Mitos ‘Iron Dome’ Siber Runtuh, Serangan Berbiaya Murah Iran Bongkar Borok Pertahanan Israel

JERNIH – Selama bertahun-tahun, Israel memoles citranya sebagai adidaya siber global. Dengan unit militer elit dan industri keamanan digital yang mendominasi pasar dunia, Tel Aviv seolah tak tersentuh. Namun, rangkaian serangan siber dari Iran selama dua tahun terakhir menceritakan realita yang berbeda: Raksasa teknologi ini ternyata punya “tumit Achilles” yang menganga.
Laporan terbaru dari The Wall Street Journal (WSJ) mengungkap bahwa operasi siber Teheran telah berhasil menembus celah-celah infrastruktur sipil Israel, mengekspos data sensitif, dan meruntuhkan kepercayaan publik melalui perang psikologis yang masif.
Alih-alih menggunakan teknik peretasan tingkat tinggi yang sangat rumit (zero-day exploits), peretas Iran justru menggunakan metode “murah” namun gigih. Mereka mengeksploitasi kerentanan yang sudah umum diketahui melalui phishing yakni penipuan melalui pesan/email untuk mencuri identitas, pencurian kata sandi hingga pemindaian otomatis pada jaringan yang tidak terlindungi dengan baik.
Strategi ini terbukti efektif bukan karena kecanggihannya, melainkan karena volume serangan yang masif pada target-target non-militer yang lemah pengawasannya.
Daftar Kebocoran “Memalukan” di Jantung Israel
Iran tidak lagi fokus pada sabotase fisik (seperti meledakkan pembangkit listrik), melainkan pada kampanye hack-and-leak (retas dan bocorkan) untuk mempermalukan pemerintah. Berikut adalah beberapa data yang berhasil dikuras:
| Institusi / Target | Data yang Bocor ke Publik |
| Kemenkumham Israel | Korespondensi internal selama lebih dari satu dekade. |
| Sekolah Pertahanan Nasional | Data pribadi pejabat militer senior dan delegasi asing. |
| Kementerian Keamanan Nasional | Data aplikasi izin senjata, termasuk latar belakang militer pemohon. |
| Naftali Bennett (Eks PM) | Data pribadi akibat peretasan ponsel yang disebut “sederhana”. |
| Rumah Sakit & Universitas | Rekam medis pasien dan data staf medis. |
Para ahli siber di Israel memperingatkan adanya ketimpangan regulasi yang fatal.
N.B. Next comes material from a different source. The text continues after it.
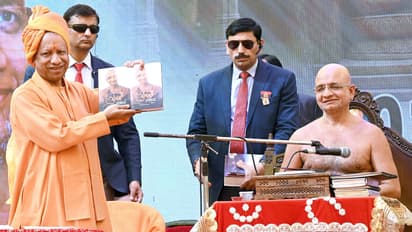 cm yogi adityanath muradnagar gufa mandir inauguration speech 2025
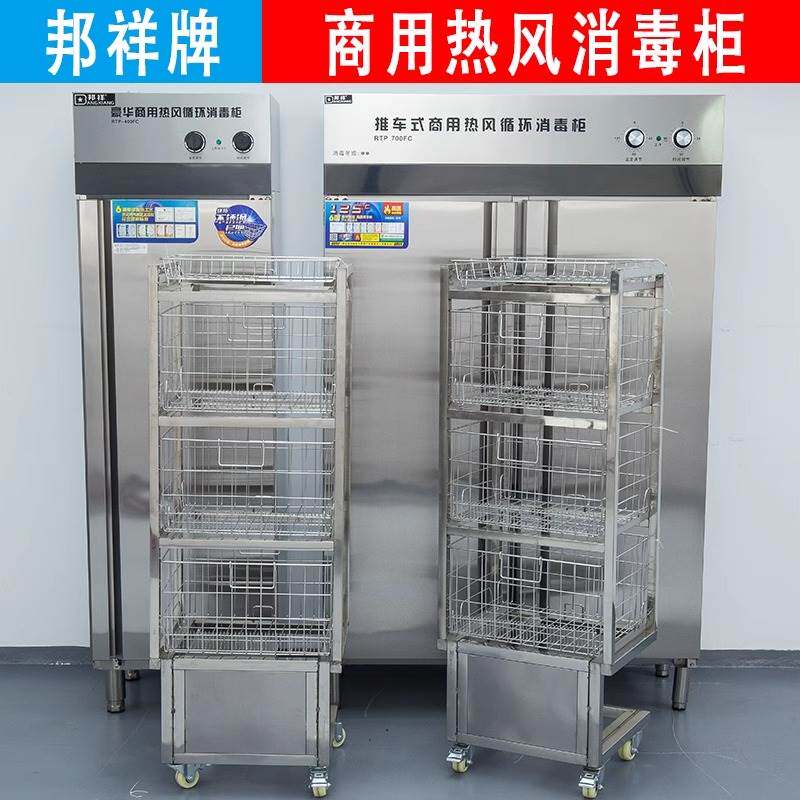邦祥消毒柜商用餐饮立式大容量热风循环带推车式食堂不锈钢碗柜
Sementara infrastruktur militer dan energi dijaga sangat ketat, lembaga sipil seperti rumah sakit dan otoritas lokal tidak memiliki standar keamanan hukum yang setara.
Hal ini menciptakan lingkungan keamanan yang terfragmentasi. Musuh tidak perlu menyerang “pintu depan” militer yang kokoh, mereka cukup masuk melalui “pintu belakang” rumah sakit atau instansi pemerintahan lokal yang minim proteksi.
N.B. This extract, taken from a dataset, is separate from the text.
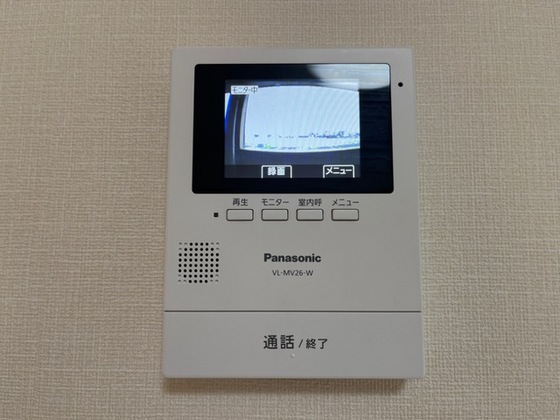 アーマスイズミⅡ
Serangan Iran kini telah bergeser ke arah teror psikologis. Dengan menyebarkan rekam medis dan data pribadi pejabat ke internet, Teheran mengirimkan pesan: “Kalian tidak pernah aman.”
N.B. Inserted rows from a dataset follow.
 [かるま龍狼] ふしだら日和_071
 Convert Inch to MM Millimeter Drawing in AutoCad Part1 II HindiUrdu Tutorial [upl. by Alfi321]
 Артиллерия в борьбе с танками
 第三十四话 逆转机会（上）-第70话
Lebih mengkhawatirkan lagi, selama konflik 12 hari pada Juni lalu, peretas yang berafiliasi dengan Iran dilaporkan berhasil mengakses sistem kamera pengawas (CCTV) di jalan-jalan Israel secara real-time. Akses ini memungkinkan mereka memantau dampak serangan rudal secara langsung, menghapus batasan antara insiden siber sipil dan operasi militer kinetik.
Keberhasilan Iran menunjukkan bahwa keunggulan teknologi suatu negara bisa dilumpuhkan oleh kampanye berbiaya rendah yang sistematis. Israel kini tengah berada dalam tekanan besar untuk merombak total undang-undang sibernya. Jika tidak, reputasi mereka sebagai “Bangsa Startup” dan pemimpin keamanan siber akan terus tergerus oleh serangan asimetris yang terus mengalir dari Teheran.